=== Section Start ===
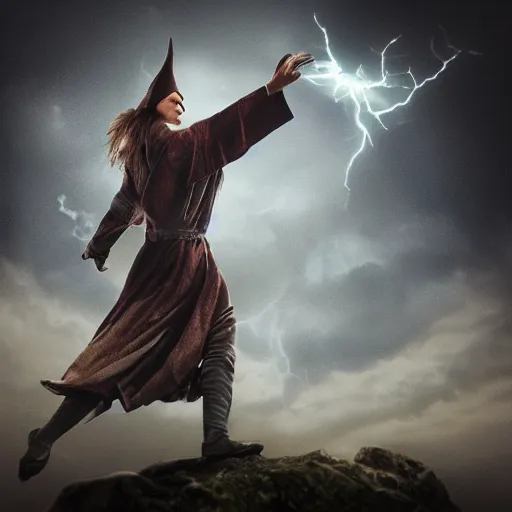 Image similar to Wizard casting a storm spell, photorealistic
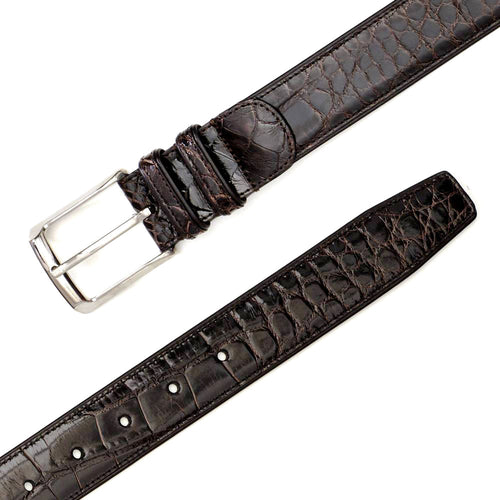 Dark brown Mezlan AO7907 alligator belt. Genuine leather with a smooth, shiny texture and a distinct alligator pattern. Silver rectangular buckle. Adjustable with multiple holes.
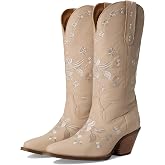 Dingo Womens Love Bug Floral Embroidered Snip Toe Casual Boots Mid Calf Mid Heel 2-3"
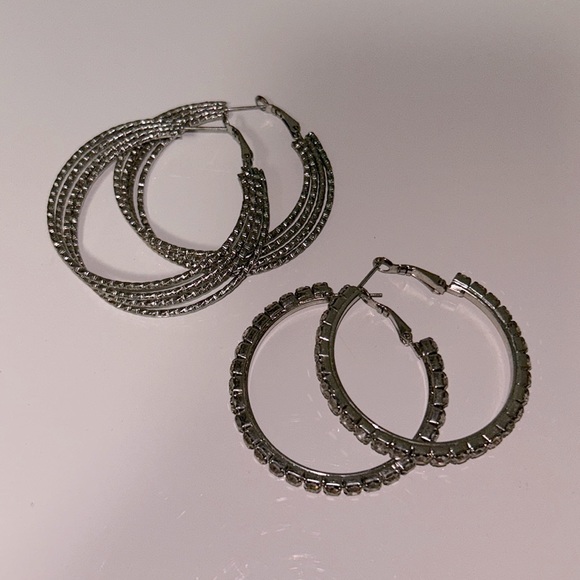 (3 for $12) Two Sets of Hoop Earrings 🩶🩶 - Picture 1 of 5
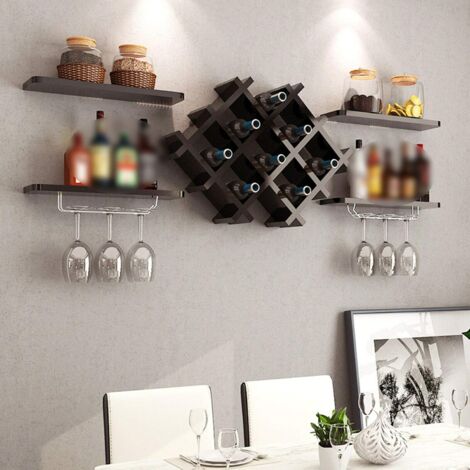 Estantería De Pared Para 6 Botellas De Vino - Metal Negro, Ahorra Espacio, Ideal Para Cocina O Bar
=== Section End ===
• Directions: Pictures are to be left out; the listing above is otherwise to be copied exactly.

• Exercise result:
 Image similar to Wizard casting a storm spell, photorealistic
 Dark brown Mezlan AO7907 alligator belt. Genuine leather with a smooth, shiny texture and a distinct alligator pattern. Silver rectangular buckle. Adjustable with multiple holes.
 Dingo Womens Love Bug Floral Embroidered Snip Toe Casual Boots Mid Calf Mid Heel 2-3"
 (3 for $12) Two Sets of Hoop Earrings 🩶🩶 - Picture 1 of 5
 Estantería De Pared Para 6 Botellas De Vino - Metal Negro, Ahorra Espacio, Ideal Para Cocina O Bar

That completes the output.